The variance is high because each iteration only updates one trajectory's worth of information sets. But you can run many more iterations per unit of compute.
External sampling
In external sampling (the most popular MCCFR variant), at each iteration:
- For one player (the "traverser"), explore all of their actions at every information set
- For the other player and chance nodes, sample one action
This explores more of the tree than outcome sampling but less than vanilla CFR. The per-iteration cost is intermediate.
External sampling has lower variance than outcome sampling and converges faster in practice. It is what most production CFR implementations use.
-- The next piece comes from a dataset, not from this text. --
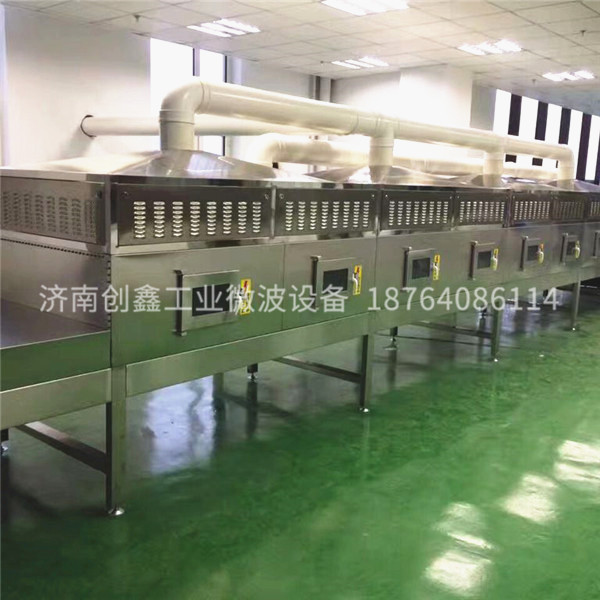 豆制品微波殺菌設備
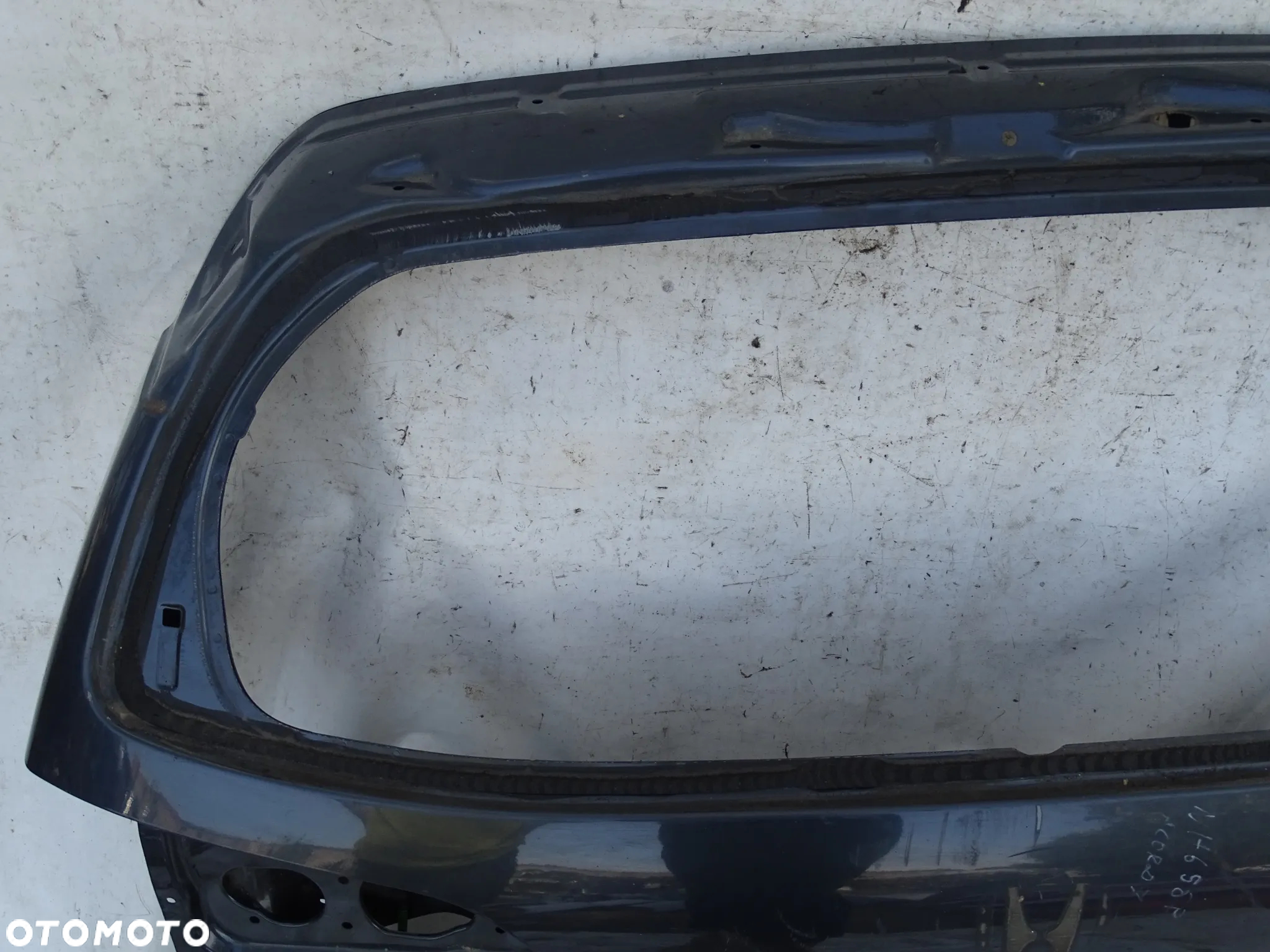 KLAPA BAGAŻNIKA HONDA ACCORD VII KOMBI NH658P PIERWSZY LAKIER F-VAT - 2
Outcome sampling in detail
Here is the algorithm for one iteration of outcome sampling:
1. Sample a complete trajectory by:
- At chance nodes: sample one outcome from the chance distribution
- At player nodes: sample one action from the player's current strategy
2. Walk back through the trajectory:
At each information set I belonging to player i along the trajectory:
Compute the regret for actions other than the one sampled
(using counterfactual values estimated from the sample)
Update R(I, a) by adding the regret divided by the sampling probability
Update the strategy at I via regret matching
Update the average strategy at I
The key trick is the importance weighting: divide the regret update by the probability of having sampled this trajectory. This ensures the estimator is unbiased: the expected update equals the vanilla CFR update.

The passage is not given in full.